Read data

time_elapsed=0
mainDir=getwd()
knitr::opts_knit$set(root.dir = mainDir)
setwd(mainDir)
#load the libary file
suppressPackageStartupMessages(source("lib.R"))
source("Lib.R")

#Max summer precipitation
data=read.delim("Max_Prec.txt", header = TRUE, sep = "\t", dec = ".")#in mmm
#Total summer precipitation
data1=read.delim("Total_Prec.txt", header = TRUE, sep = "\t", dec = ".")#in mmm
#Stations information (lat,long, elev, etc...)
info=read.delim("station_location_swus.txt", header = TRUE, sep = "\t", dec = ".")
#load covariates
#MEI values
ENSO=read.delim("meiv.txt", header = TRUE, sep = "\t", dec = ".")
ENSO_S=cbind(ENSO[(ENSO$YEAR>=min(data$YEAR) & ENSO$YEAR<=max(data$YEAR)),1],apply(ENSO[(ENSO$YEAR>=min(data$YEAR) & ENSO$YEAR<=max(data$YEAR)),7:11], 1, FUN = mean))
colnames(ENSO_S)=c("year","val")
#PDO values
PDO=read.delim("PDO.txt", header = TRUE, sep = "\t", dec = ".")
PDO_S=cbind(PDO[(PDO$YEAR>=min(data$YEAR) & PDO$YEAR<=max(data$YEAR)),1],apply(PDO[(PDO$YEAR>=min(data$YEAR) & PDO$YEAR<=max(data$YEAR)),7:10], 1, FUN = mean))
colnames(PDO_S)=c("year","val")

elev_grid=read.delim("Elevation_grid_1deg.txt", header = TRUE, sep = "\t", dec = ".")

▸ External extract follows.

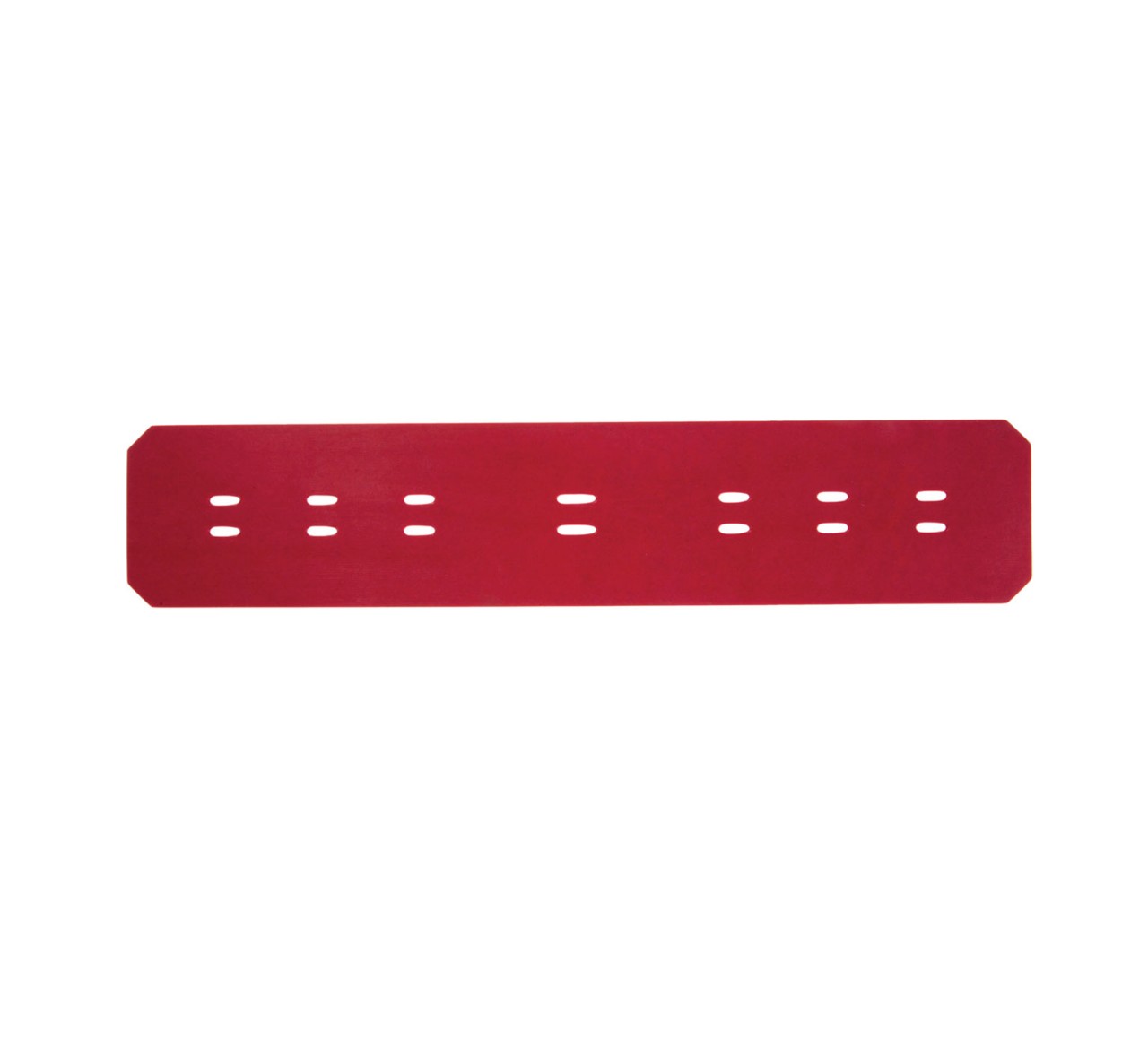1053919 Linatex inner Side Brush Squeegee – 21.7 in alt 1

getting the standarized total precip and the covariates data frame

Pmean=apply(data1[,2:ncol(data1)],1,mean)
Pmean=(Pmean-mean(Pmean))/sd(Pmean)#nomalized Pemean
datafit=as.data.frame(cbind(ENSO_S,PDO_S[,2],Pmean))
colnames(datafit)=c("t","ENSO","PDO","PT")

Fit a non stationary GEV for each location considering only the location parameter as nonstationary

\(Y(s_i,t)\sim GEV(\mu(s_i,t),\sigma(s_i),\xi(s_i))\)

where

\(\mu(s_i,t)=\alpha_{\mu_0}(s_i)+\alpha_{\mu_1}ENSO(t)+\alpha_{\mu_2}PDO(t)+\alpha_{\mu_2}PT(t)\)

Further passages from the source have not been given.